Hungarian Amb. Summoned Over Holocaust Denial
Andor Nagy, the Hungarian Ambassador to Israel, was summoned for a discussion by the Foreign Ministry in Jerusalem on Thursday, where he was questioned by Deputy Director-General for Europe Rafi Schutz over the rising anti-Semitism and Holocaust denial in his country.
Nagy just took his post in Israel ten days ago. After President Shimon Peres raised the issue of growing Hungarian anti-Semitism, Nagy replied by denouncing the trend, saying that his government was opposed to it, and had taken steps to counter it.
Nevertheless, the Foreign Ministry called the meeting with Nagy over several recent troubling trends seen in Hungary.
Foremost among the trends are the governmental attempts to reform the image of Miklos Horthy, an anti-Semitic Hungarian leader who was a close ally of Nazi leader Adolf Hitler.
A statue was erected to honor Horthy last November, despite the fact that he was actively complicit in the mass deportations of Jews to Nazi death camps in 1944, which resulted in the deaths of around 450,000 Hungarian Jews.
The honoring of Horthy caused Holocaust scholar Randolph L. Braham of the City University of New York to return a Hungarian state award, while criticizing the "campaign of history falsification which aims to whitewash the (Miklos) Horthy era."
Hungary's whitewashing of history has included plans to build a massive monument commemorating the 1944 invasion of Hungary by the Nazis, which is seen as an attempt to portray Hungary as victims rather than active partners of the Nazis.
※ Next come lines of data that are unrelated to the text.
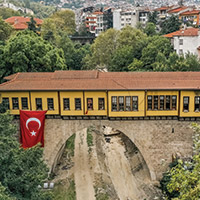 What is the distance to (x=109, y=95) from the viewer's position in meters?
31.5

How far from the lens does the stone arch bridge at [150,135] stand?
106 feet

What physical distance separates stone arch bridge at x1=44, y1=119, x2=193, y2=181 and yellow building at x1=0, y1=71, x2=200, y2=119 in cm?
90

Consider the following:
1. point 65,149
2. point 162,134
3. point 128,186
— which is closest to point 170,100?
point 162,134

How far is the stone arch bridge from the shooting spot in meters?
32.3

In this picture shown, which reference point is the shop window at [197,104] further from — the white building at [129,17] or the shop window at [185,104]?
the white building at [129,17]

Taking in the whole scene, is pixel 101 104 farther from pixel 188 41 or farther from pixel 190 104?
pixel 188 41

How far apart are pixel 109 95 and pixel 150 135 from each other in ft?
19.4

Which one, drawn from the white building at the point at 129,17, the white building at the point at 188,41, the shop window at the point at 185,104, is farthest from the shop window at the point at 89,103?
the white building at the point at 129,17

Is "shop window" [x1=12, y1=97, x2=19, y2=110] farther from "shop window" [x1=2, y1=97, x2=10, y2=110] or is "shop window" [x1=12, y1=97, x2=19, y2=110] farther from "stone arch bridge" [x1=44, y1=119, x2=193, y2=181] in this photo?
"stone arch bridge" [x1=44, y1=119, x2=193, y2=181]

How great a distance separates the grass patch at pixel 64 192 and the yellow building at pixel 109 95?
7.40m

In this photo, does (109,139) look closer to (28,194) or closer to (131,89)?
(131,89)

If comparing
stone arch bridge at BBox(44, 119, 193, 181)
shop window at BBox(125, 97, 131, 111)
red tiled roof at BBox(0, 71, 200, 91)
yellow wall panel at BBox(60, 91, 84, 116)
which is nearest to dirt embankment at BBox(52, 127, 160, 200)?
stone arch bridge at BBox(44, 119, 193, 181)

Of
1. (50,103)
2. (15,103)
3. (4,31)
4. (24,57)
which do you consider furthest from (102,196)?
(4,31)

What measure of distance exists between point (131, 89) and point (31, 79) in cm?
1082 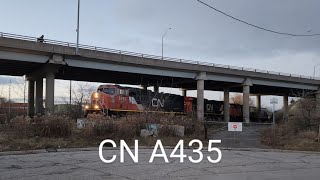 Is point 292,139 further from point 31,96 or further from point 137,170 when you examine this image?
point 31,96

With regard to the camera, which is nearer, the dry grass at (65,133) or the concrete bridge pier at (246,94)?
the dry grass at (65,133)

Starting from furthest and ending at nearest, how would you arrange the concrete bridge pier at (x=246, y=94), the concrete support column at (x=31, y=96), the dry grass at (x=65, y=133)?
the concrete bridge pier at (x=246, y=94) < the concrete support column at (x=31, y=96) < the dry grass at (x=65, y=133)

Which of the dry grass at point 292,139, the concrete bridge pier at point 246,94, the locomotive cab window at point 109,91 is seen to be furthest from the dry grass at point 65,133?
the concrete bridge pier at point 246,94

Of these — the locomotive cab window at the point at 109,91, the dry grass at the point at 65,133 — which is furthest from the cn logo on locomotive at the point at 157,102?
the dry grass at the point at 65,133

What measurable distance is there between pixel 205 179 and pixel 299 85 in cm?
7939

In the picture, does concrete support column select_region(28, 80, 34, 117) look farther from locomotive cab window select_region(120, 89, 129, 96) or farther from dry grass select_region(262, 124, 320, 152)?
dry grass select_region(262, 124, 320, 152)

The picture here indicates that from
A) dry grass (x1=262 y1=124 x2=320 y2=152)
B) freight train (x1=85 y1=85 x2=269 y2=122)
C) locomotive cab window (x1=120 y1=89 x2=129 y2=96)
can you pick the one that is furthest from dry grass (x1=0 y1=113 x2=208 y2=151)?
locomotive cab window (x1=120 y1=89 x2=129 y2=96)

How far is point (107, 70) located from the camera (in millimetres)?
57625

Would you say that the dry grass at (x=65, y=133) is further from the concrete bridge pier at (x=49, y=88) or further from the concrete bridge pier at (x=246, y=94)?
the concrete bridge pier at (x=246, y=94)

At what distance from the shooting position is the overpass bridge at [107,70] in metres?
49.8

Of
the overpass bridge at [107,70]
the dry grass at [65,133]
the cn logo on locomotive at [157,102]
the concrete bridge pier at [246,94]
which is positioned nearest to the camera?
the dry grass at [65,133]

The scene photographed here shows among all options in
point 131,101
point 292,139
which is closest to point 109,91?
point 131,101

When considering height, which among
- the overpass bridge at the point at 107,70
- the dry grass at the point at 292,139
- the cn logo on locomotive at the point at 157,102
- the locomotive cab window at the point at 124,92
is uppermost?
the overpass bridge at the point at 107,70

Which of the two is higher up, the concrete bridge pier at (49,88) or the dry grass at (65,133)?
the concrete bridge pier at (49,88)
The statue depicts a German imperial eagle attacking a seven meter-tall (22 feet) Archangel Gabriel representing Hungary.
In response to the rewriting of history, Hungary's largest Jewish organization, Mazsihisz, announced this Sunday it is pulling out of Hungary's yearly Holocaust memorial program.
Another troubling trend noted by the Foreign Ministry was the permission given to Hungarian Dawn (NFP), a neo-Nazi party, to run in the upcoming April 6 elections. The permission was given by Hungary's Elections Committee and the court in capital city Budapest, despite the party's outspoken racism.
The recent trends of historical whitewashing raise concerns in Israel, particularly since Hungary decided to hold a series of events memorializing the Holocaust. While the Jewish state initially supported the decision, it now fears the trends throw such efforts into doubt as further attempts to rewrite history.
Furthermore, Hungary was chosen to chair the International Holocaust Remembrance Alliance (IHRA) slated to start in March 2015, which similarly raises doubts about Hungary's ability to properly preserve the memory of the Holocaust.